If Kaepernick wanted to raise awareness of police tactics and the relationship between law enforcement agencies and the communities that they serve, most Americans, myself included, would welcome the conversation. Clearly, there are issues related to some law enforcement officers and their relationship to the communities that they serve, and those issues ought to be addressed.
The need for constructive dialogue does not, however, justify disrespecting the symbols of American freedom and those who have fought to protect them.
When I think about NFL players who deserve the title of “Citizen of the Year,” I can’t help but remember American hero Pat Tillman. Tillman was the first professional football player killed in combat since 1970 during the height of the Vietnam War. Following the September 11th, 2001 terrorist attacks, Tillman left the NFL to join the military, where he lost his life during Operation Enduring Freedom in Afghanistan in 2003. When I think about heroes, I think less about Colin Kaepernick and more about Pat Tillman.
The First Amendment to our noble Constitution guarantees free speech to each of our citizens, and I respect that right even if I disagree with what is being spoken. Mr.
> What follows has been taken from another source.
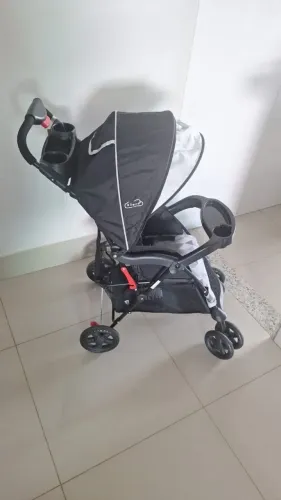 Carrinho de bebê/criança Kolcraft Cloud Sport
Kaepernick has the right to do what he did with regard to our Flag and Anthem, but the American people have the same right to reject his statements as disrespectful to people like Pat Tillman who have paid the ultimate price for football games to take place in freedom and safety on Sundays.
I am 100% on board with discussing how we can improve the relationship between our law enforcement agencies and the communities that they serve, but that conversation can be fostered without disrespecting the nation we are trying to improve.
As an American patriot who bows before God and stands for the Flag, I do not agree with GQ’s decision to confer the title of “Citizen of the Year” on Colin Kaepernick.